However, experts say, it’s much too early to say how a potential breakup of the company would be carried out—and currently, many consumers like the integration of Google services from email to mapping to Google’s online storage services, and more.

What Are the Investigators’ Other Options?
Before invoking the so-called nuclear option of a breakup, investigators are likely to try a so-called behavioral option, experts say.

As just one example, the company could be restricted in how it preloads Google-owned apps on Android phones. Almost a generation ago, Microsoft avoided being split into two companies as a result of an antitrust case, but it had to make changes, including ensuring that other companies could supply software for Windows computers.

A potential problem with this approach, according to George Stover, policy counsel at Consumer Reports, is that attorneys general generally don’t have the resources for ongoing enforcement. “That kind of agreement can be easy to weasel out of,” he says.

Will These Probes Increase Privacy for Consumers?
Google collects and monetizes a vast amount of consumer data, more than any other company, including Facebook. And that leads to privacy concerns.
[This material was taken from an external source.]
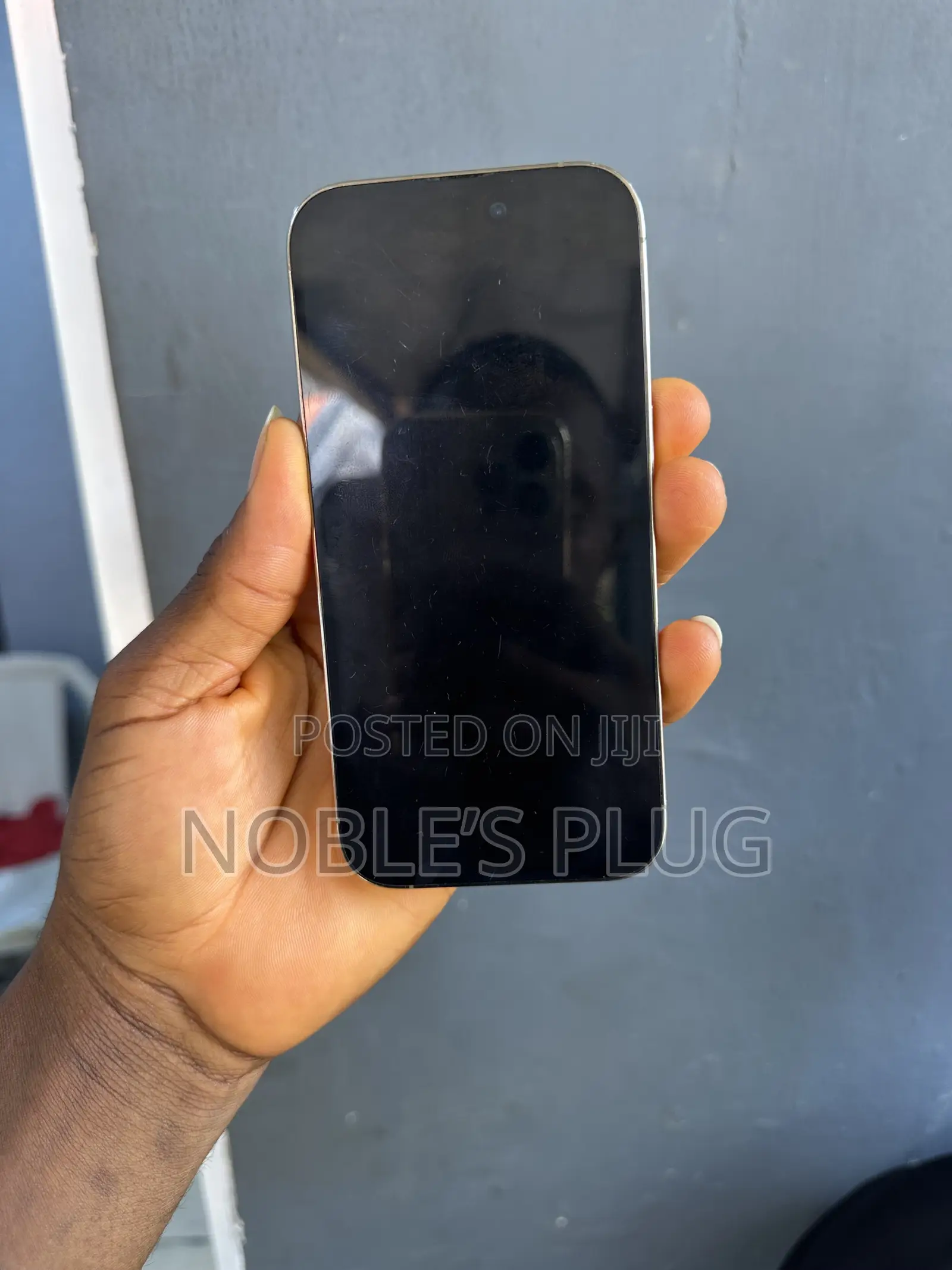 Apple iPhone 14 Pro 128 GB White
However, Brookman says, antitrust investigations tend to focus on competition issues, so negotiations would likely center on getting potential competitors access to Google’s consumer data rather than minimizing Google’s data collection in the first place.

“I really don’t think addressing competition is the way to solve privacy issues,” he says. “I think that new privacy laws are the way to protect privacy.”



More from Consumer Reports:
Top pick tires for 2016
Best used cars for $25,000 and less
7 best mattresses for couples

Consumer Reports is an independent, nonprofit organization that works side by side with consumers to create a fairer, safer, and healthier world. CR does not endorse products or services, and does not accept advertising. Copyright © 2019, Consumer Reports, Inc.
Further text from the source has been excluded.